▸ Available data:
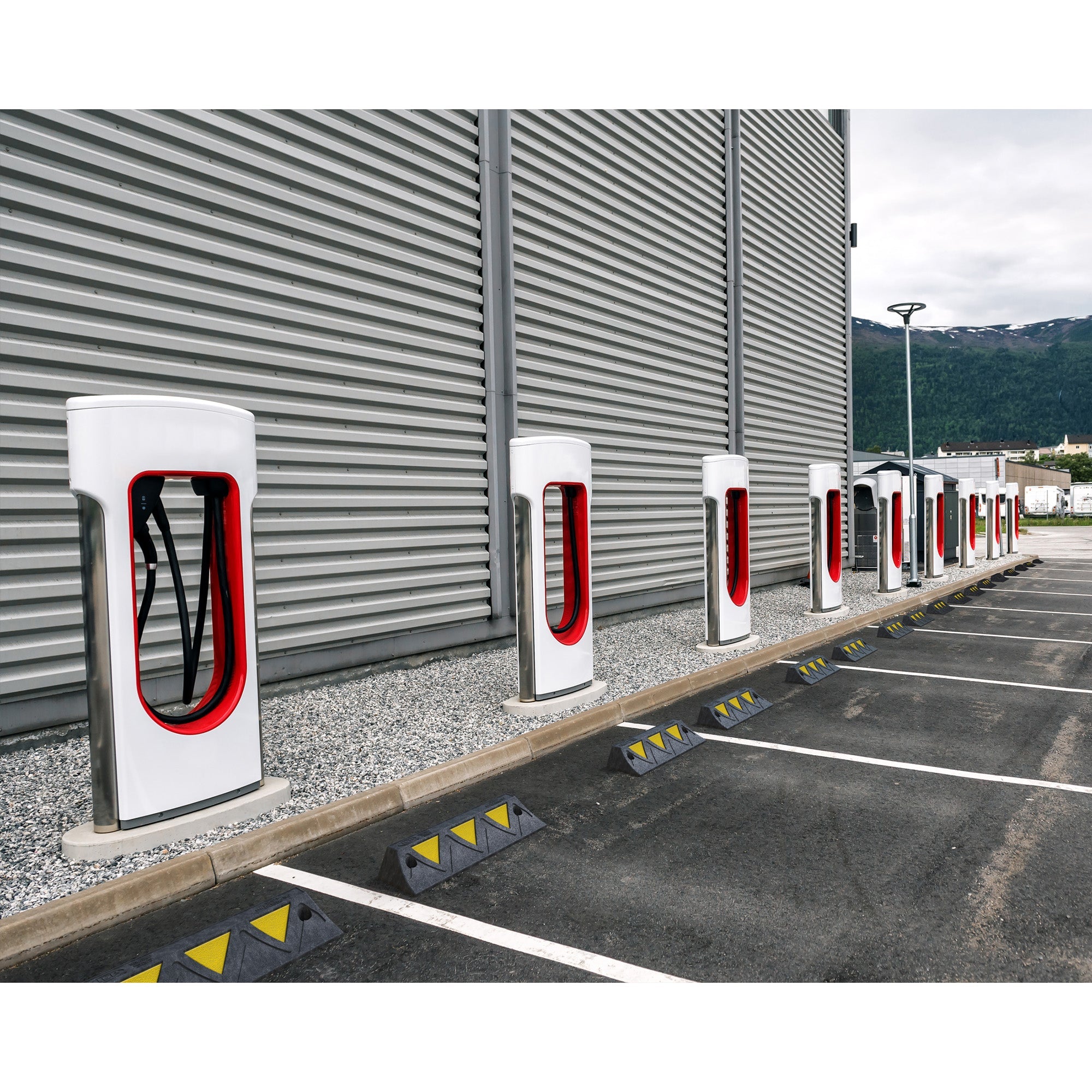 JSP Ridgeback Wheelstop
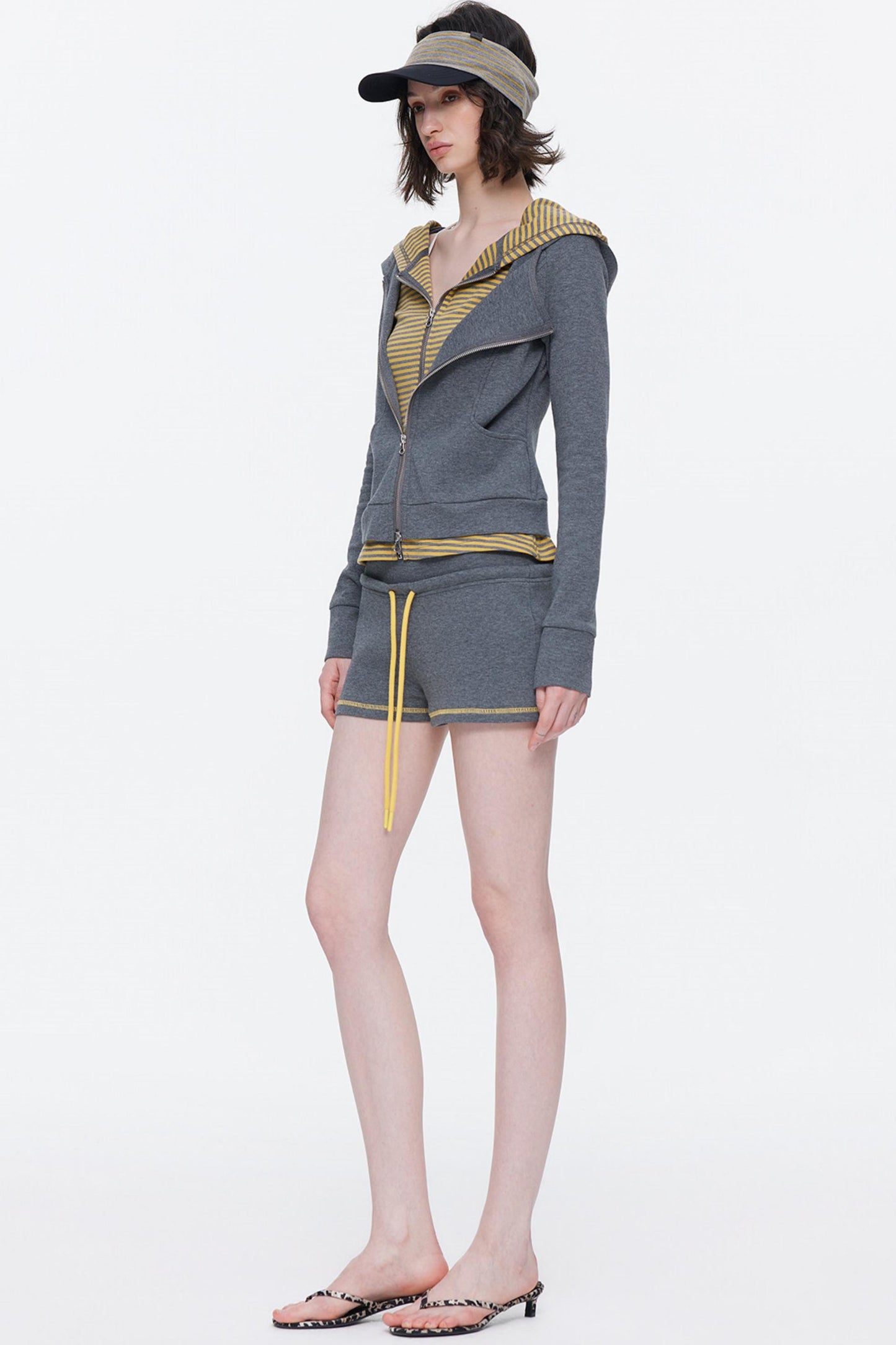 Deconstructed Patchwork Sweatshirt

--

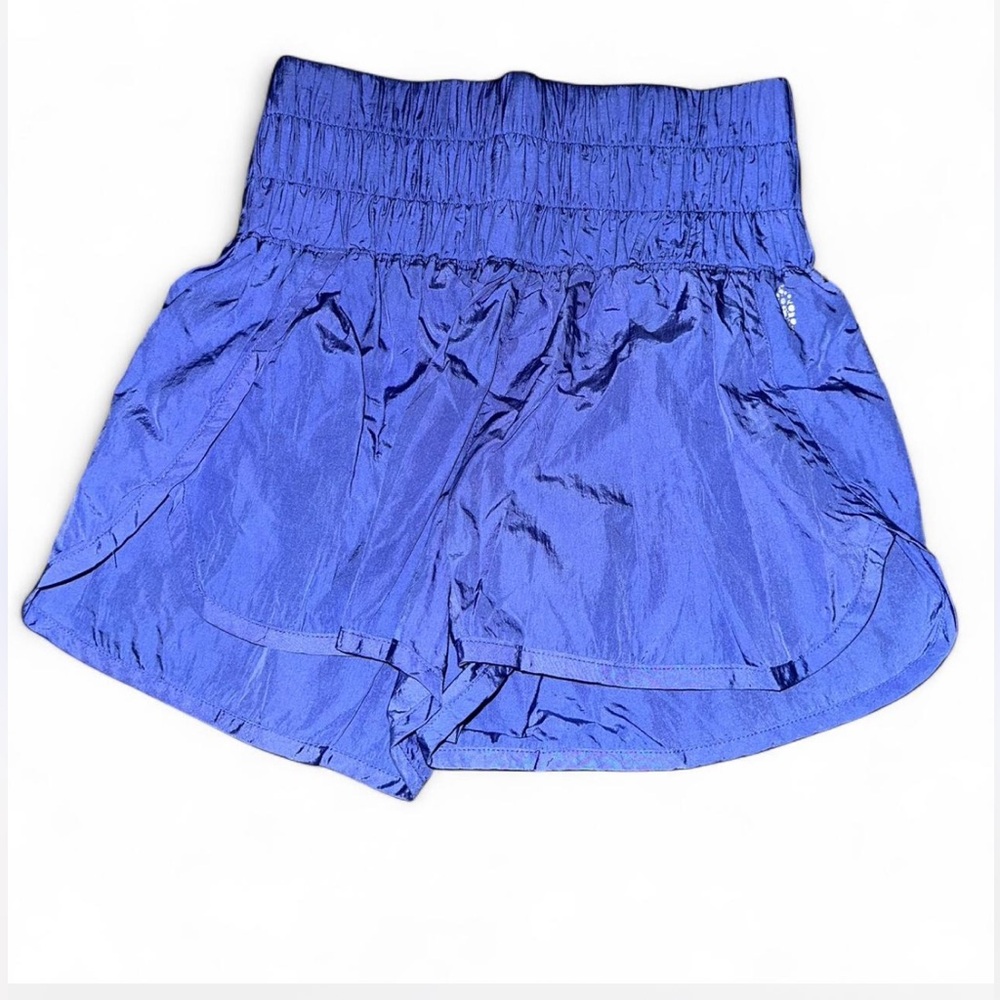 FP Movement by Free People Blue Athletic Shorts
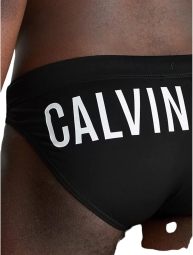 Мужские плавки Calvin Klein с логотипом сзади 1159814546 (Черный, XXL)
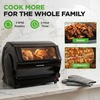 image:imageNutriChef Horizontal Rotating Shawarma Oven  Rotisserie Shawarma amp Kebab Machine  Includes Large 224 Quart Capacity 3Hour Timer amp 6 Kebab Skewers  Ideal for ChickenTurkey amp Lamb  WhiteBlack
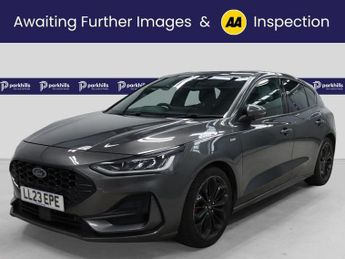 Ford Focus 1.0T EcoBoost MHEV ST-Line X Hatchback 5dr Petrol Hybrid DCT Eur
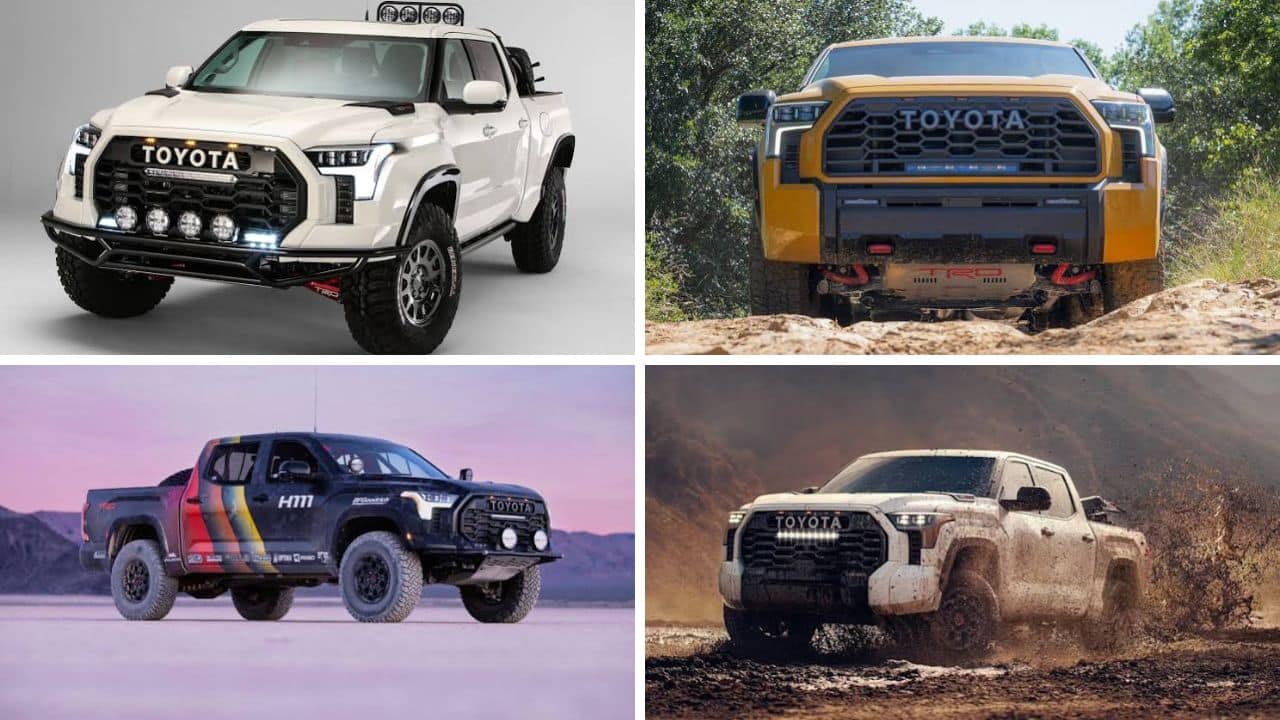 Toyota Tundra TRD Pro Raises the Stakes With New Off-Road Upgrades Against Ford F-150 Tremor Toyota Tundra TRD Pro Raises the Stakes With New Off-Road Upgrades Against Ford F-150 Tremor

--

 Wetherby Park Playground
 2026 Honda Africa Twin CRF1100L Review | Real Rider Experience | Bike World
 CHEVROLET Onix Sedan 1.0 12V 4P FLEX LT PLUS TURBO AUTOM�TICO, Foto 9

▸ Problem to work on:
Since the pictures are not part of the copy, please transcribe only the lines above from the one with "JSP Ridgeback Wheelstop" through the one with "Deconstructed Patchwork Sweatshirt", exactly and with both ends.

▸ Response box:
 JSP Ridgeback Wheelstop
 Deconstructed Patchwork Sweatshirt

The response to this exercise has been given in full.